Holy cow again! My guess is that you are correct, “there will always be parts of me that needs working on,” that’s a pretty doggone clear attraction mantra, and I expect it’s quite fruitful! Energy flows where attention goes. You are perfect, right where you are, you don’t “have to” work on yourself, there’s really nothing to fix. As you live into your authenticity that acceptance of your perfection brings, you’ll realize that you already have everything you need for relationships, success, peace of mind, and whatever. No one will have to show up to complete you, or fix you, or, heaven forbid, help you work on yourself! The first person “who is willing to take me as I am” has to be You. It’s critical to first accept yourself right now as the sole source of everything in your life, and be more loving with yourself. Recognize that everything in your life has set you right here, right now, perfectly, and also that you are powerful enough to change anything you don’t want anymore. Be the change, as Gandhi said. Notice he didn’t say “Do the change”, it was “Be the change.” As you relax into your perfection, you won’t need for things to get ‘better’, you may still aspire to change but it won’t be to ‘improve’ or to reach some ‘perfection’ out there somewhere. Better implies now is not good enough, I’m not a big fan of better.

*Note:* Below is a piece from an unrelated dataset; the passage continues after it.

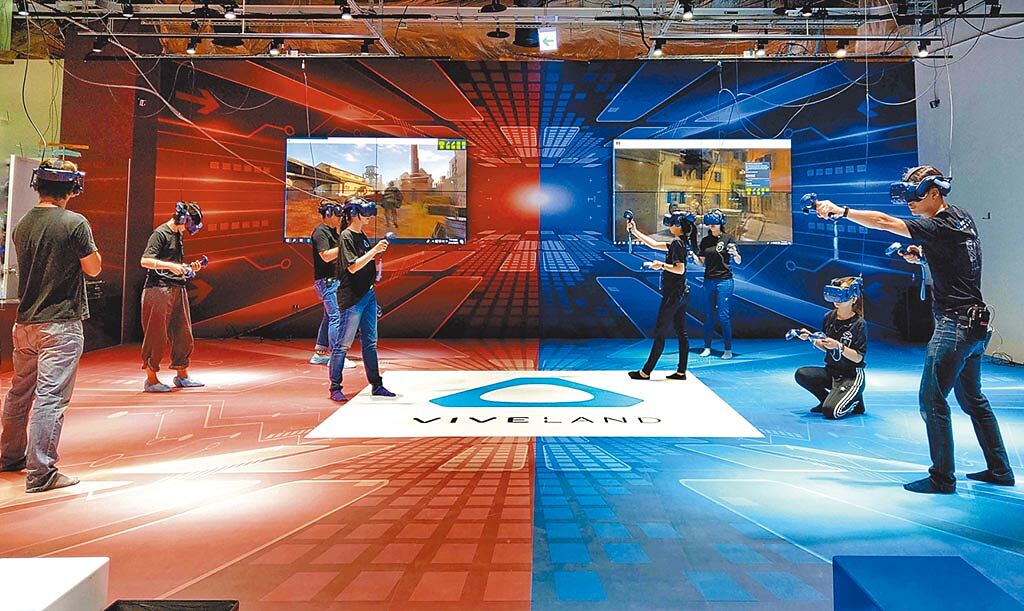 位在高雄大魯閣草衙道的KOSMOSPOT x VIVELAND VR實境樂園，為全台占地最大的VR體感展示場域。（HTC提供）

As far as attracting that “one somebody”, I have a theory about attraction (I was a scientist in another life you know!), creation must precede attraction. You must first create that complimentary somebody, and it’s difficult to do that if you’re always shooting on the move - ‘here I am today, but wait, I’ll work on myself a bit more and then I’ll be… oh, I don’t know where I’ll be.’ That one somebody is more likely to be the real one somebody if you’re coming not from a needy place, but from a place of power, self acceptance, and self-love.
Thank you again for sharing! I’m not asking you to believe anything I’ve said, my intention was simply to share my perceptions in an authentic way. You are the gatekeeper of beliefs in your world and life, you know what the truth is, and if I have assisted you in clarifying your thinking in any way then I’m thrilled.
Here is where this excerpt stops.